A nevasca que caia a noroeste de Moscou soterrava os pinheiros obscuros na névoa da noite, atravessando as folhas tal qual a mim mesmo. Um mar branco flutuante estabelecido entre o firmamento e o chão, neve agarrada aos meus coturnos táticos numa trilha apressada rumo ao galpão abandonado. A mochila solitária em minhas costas, os fones nos ouvidos, uma balaclava preta aquecendo meu rosto e óculos que impediam os fragmentos gelados de atingirem meus olhos.
Não havia inclinação brusca no terreno, por sorte. Eu podia apenas cortar o vento, enquanto torcia para não encontrar com mais nenhum urso.
Aquilo me lembrava um pouco a infância. Eu ainda odeio neve, assim como odiava quando ela estava nas calçadas do trajeto até a escola, mas aprendi a lidar. Agarro as alças da mochila com as mãos e continuo meu caminho em uma marcha de passos largos, vencendo aos poucos a distância e vendo despontar o teto arredondado de aço do galpão, também encoberto por neve o suficiente para disfarça-lo no meio da floresta. Uma ligação toca em meu fone, e eu prontamente aperto o pequeno botão em meu ouvido.

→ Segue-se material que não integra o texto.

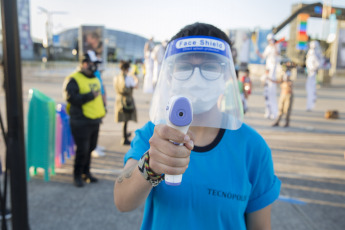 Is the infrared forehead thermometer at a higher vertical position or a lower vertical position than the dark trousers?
higher

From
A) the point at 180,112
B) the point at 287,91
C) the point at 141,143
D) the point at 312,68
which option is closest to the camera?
the point at 180,112

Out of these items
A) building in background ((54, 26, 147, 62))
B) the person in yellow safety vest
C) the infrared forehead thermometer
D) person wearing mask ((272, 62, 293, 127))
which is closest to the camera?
the infrared forehead thermometer

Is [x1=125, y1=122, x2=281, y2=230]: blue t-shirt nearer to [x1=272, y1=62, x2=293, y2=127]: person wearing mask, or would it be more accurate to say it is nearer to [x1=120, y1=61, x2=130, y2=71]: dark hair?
[x1=120, y1=61, x2=130, y2=71]: dark hair

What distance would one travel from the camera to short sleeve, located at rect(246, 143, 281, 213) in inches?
48.8

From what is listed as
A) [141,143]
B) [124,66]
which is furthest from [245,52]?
[141,143]

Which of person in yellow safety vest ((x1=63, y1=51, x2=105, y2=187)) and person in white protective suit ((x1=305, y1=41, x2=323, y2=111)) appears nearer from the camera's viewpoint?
person in yellow safety vest ((x1=63, y1=51, x2=105, y2=187))

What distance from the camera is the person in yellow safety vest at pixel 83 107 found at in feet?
12.6

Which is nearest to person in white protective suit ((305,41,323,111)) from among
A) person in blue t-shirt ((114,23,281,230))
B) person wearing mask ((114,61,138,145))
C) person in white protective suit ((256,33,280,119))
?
person in white protective suit ((256,33,280,119))

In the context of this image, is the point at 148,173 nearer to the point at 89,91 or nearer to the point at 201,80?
the point at 201,80

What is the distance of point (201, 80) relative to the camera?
1.11 metres

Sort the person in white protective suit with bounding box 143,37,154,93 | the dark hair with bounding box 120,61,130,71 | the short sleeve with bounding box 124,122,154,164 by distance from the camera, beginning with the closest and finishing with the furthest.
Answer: the short sleeve with bounding box 124,122,154,164
the dark hair with bounding box 120,61,130,71
the person in white protective suit with bounding box 143,37,154,93

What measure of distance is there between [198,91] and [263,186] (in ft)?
1.76

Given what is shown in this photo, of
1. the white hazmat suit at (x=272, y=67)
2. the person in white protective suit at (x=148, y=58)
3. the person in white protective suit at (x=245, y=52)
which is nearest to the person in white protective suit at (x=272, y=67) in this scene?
the white hazmat suit at (x=272, y=67)

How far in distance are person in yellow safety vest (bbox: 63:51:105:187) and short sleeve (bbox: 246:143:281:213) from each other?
3073 millimetres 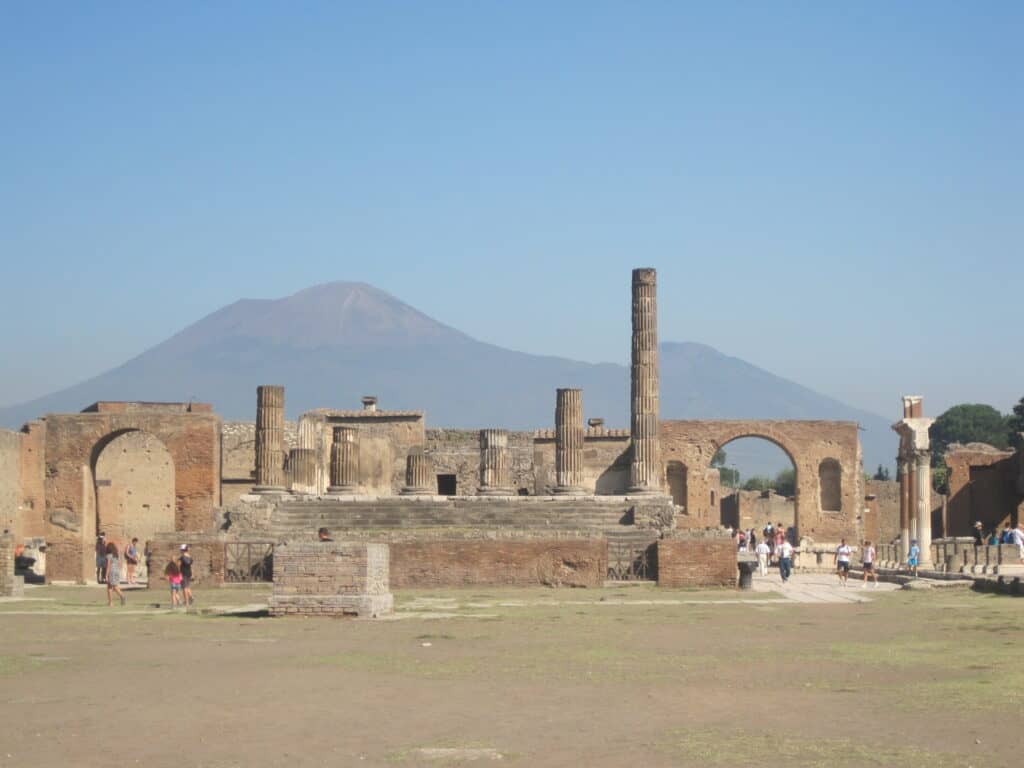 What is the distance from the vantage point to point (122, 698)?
42.8 ft

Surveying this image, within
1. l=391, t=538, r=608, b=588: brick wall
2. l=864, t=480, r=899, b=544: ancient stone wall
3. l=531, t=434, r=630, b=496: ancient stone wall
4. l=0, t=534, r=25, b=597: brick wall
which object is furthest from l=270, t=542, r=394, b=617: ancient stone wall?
l=864, t=480, r=899, b=544: ancient stone wall

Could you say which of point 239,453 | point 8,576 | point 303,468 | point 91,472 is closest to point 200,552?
point 8,576

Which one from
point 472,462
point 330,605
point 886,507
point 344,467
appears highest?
point 472,462

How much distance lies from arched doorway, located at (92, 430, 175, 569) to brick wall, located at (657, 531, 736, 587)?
19413mm

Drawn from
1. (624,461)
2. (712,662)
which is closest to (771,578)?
(624,461)

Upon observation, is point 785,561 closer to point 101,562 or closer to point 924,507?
point 924,507

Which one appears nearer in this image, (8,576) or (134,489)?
(8,576)

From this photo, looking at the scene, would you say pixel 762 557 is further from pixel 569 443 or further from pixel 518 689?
pixel 518 689

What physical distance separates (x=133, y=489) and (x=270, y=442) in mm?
9091

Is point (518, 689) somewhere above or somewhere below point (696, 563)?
below

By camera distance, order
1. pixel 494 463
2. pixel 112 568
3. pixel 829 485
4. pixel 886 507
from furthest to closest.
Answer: pixel 886 507 < pixel 829 485 < pixel 494 463 < pixel 112 568

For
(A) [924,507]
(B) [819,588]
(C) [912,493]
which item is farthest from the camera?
(C) [912,493]

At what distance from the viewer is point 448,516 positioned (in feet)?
110

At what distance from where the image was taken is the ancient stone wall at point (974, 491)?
5116 cm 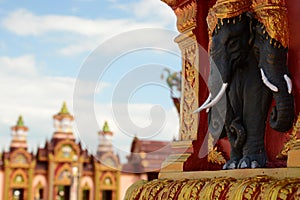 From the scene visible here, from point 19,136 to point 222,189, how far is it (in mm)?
12146

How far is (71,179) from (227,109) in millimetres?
10949

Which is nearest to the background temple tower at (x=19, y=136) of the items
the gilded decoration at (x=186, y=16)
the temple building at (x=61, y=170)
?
the temple building at (x=61, y=170)

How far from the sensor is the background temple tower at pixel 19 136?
42.6ft

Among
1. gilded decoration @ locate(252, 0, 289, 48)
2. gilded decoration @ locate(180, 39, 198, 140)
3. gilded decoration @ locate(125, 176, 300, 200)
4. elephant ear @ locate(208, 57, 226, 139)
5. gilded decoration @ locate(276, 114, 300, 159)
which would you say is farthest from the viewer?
gilded decoration @ locate(180, 39, 198, 140)

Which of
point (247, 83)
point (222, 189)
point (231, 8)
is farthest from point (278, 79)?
point (222, 189)

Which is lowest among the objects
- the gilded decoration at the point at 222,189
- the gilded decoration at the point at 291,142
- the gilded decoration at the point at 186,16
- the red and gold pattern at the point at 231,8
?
the gilded decoration at the point at 222,189

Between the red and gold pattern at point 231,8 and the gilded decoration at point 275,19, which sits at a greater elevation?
the red and gold pattern at point 231,8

— Bravo 6, na escuta? — pergunto, falando mais alto para vencer o som da ventania.
— Positivo, a quinhentos metros do pouso — a resposta de Price ecoa em meus ouvidos com o chiado de um rádio velho. Eu ergo os olhos para o céu, procurando no ar o pássaro que os traria até aqui.

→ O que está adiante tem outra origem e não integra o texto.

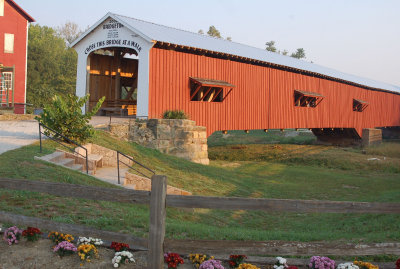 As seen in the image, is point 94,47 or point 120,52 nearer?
point 94,47

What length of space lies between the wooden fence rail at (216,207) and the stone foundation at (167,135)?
39.4 ft

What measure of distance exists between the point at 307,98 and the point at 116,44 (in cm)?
1431

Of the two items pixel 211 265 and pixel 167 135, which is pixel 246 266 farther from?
pixel 167 135

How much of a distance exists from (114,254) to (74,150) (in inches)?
281

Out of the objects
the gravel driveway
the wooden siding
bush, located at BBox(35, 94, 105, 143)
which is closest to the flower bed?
the gravel driveway

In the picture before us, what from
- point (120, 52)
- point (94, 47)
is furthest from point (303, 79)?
point (94, 47)

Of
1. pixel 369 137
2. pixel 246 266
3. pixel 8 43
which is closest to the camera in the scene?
pixel 246 266

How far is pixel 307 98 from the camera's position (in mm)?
27500

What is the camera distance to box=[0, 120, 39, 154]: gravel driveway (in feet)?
38.7

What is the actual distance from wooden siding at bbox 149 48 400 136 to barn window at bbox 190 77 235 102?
309 mm

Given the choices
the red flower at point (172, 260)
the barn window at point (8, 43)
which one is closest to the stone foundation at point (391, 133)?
the barn window at point (8, 43)

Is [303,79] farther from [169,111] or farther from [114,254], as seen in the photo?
[114,254]

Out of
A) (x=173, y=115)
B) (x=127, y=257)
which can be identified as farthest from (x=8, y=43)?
(x=127, y=257)

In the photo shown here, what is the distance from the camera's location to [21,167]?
344 inches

Lá está. Uma aeronave preta e de pequeno porte, apenas o suficiente para caber os membros da equipe. A distância se torna menor em segundos, e ele acendo os sinalizadores e os atiro na neve para indicar o espaço entre os pinheiros, me afasto para próximo das árvores. Uma corda é atirada do alto, e logo em seguida todos descem escorregando habilmente por ela, um por um. Soap, Price, Gaz e por último, Ghost Riley.
As sombras obscurecidas da noite se juntam aos contornos avermelhados do sinalizador, iluminando as feições tão familiares. Fuzis no peito, óculos de visão noturna, máscaras, chapéis e cabelos. Estavam todos ali, encarando-me enquanto a neve nos castiga.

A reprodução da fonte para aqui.